Write out exactly the lines running from the one with "acym 아심 Pinstrapvolumesatindress 원피스" to the end of the data, including both of those lines and excluding pictures.

Content starts

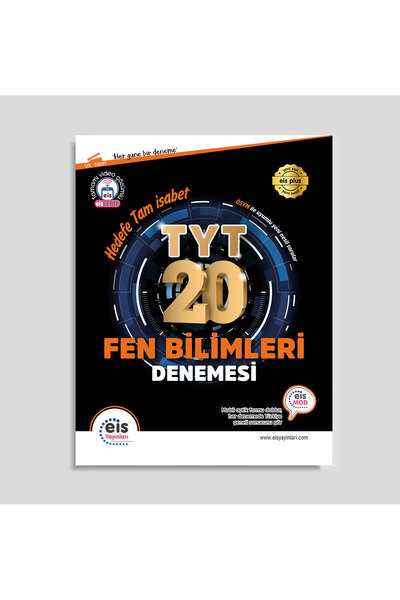 eis Yayınları TYT - Branş Denemeleri - Fen Bilimler (20 Li) Deneme Hediyeli /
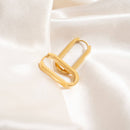 Oval Huggie Earrings-5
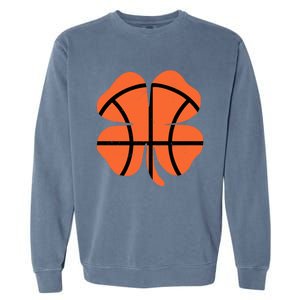 Basketball Shamrock St Patricks Day Gift Gift Garment-Dyed Sweatshirt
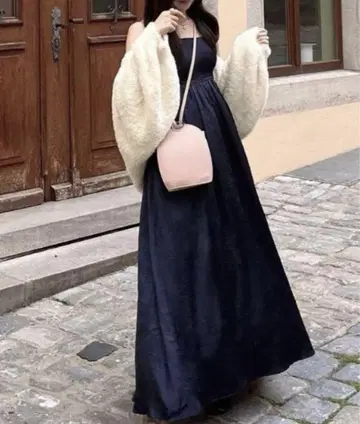 acym 아심 Pinstrapvolumesatindress 원피스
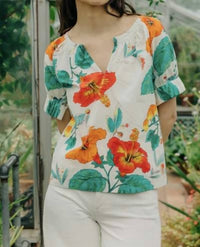 Love The Label - Dawson Puff Sleeve Cotton Top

Content ends

- Problem solution -
 acym 아심 Pinstrapvolumesatindress 원피스
 Love The Label - Dawson Puff Sleeve Cotton Top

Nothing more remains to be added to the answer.